“From the moment that David Cameron, the former UK prime minister, called a referendum on Britain’s EU membership, continental European political leaders had misgivings. In Denmark, France, Ireland and the Netherlands, governments knew from bruising experience that EU-related referendums could deliver results opposite to those planned.
Now the Netherlands wants to put the referendum genie back in its bottle. To the extent that is constitutionally possible, the ruling Dutch centre-right coalition is clamping down on referendums. By 76 votes to 69, parliament’s lower house last week approved a bill that abolishes advisory referendums permitted under a 2015 law.
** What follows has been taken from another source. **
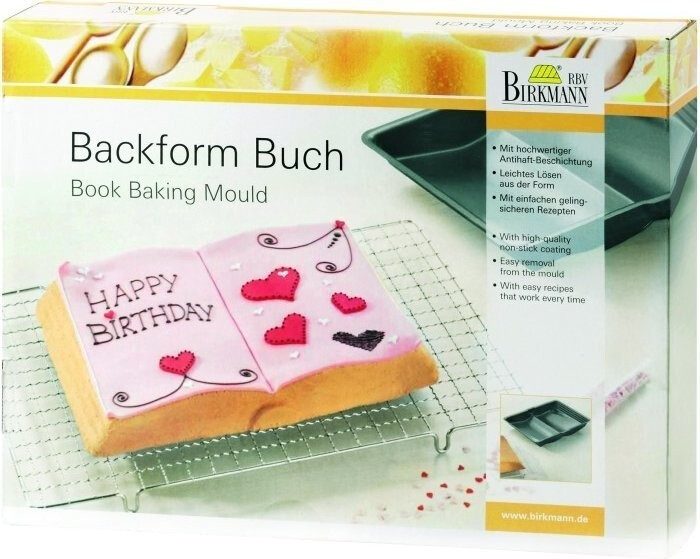 Hera Motivbackform 'Buch' – 35x25x6 Cm, Metall Mit Antihaftbeschichtung, Für Kuchen & Brote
The Dutch establishment’s worst nightmare is that political pressures lead one day to a referendum on EU membership and the people vote for “Nexit”. It is unlikely: as matters stand, there is no legal basis for such a vote. However, it is not completely unthinkable. After the UK’s vote in June 2016, Geert Wilders, leader of the far-right PVV party, tweeted: “Hurrah for the British! Now it is our turn. Time for a Dutch referendum.”
For sure, anti-EU sentiment, which has been rising in the Netherlands since the turn of the century, dipped after the Brexit referendum. The Dutch saw how that vote generated unusual political disorder in the UK. They tend to think that, in economic terms, Britain will suffer from Brexit — and they worry about the impact on their own country.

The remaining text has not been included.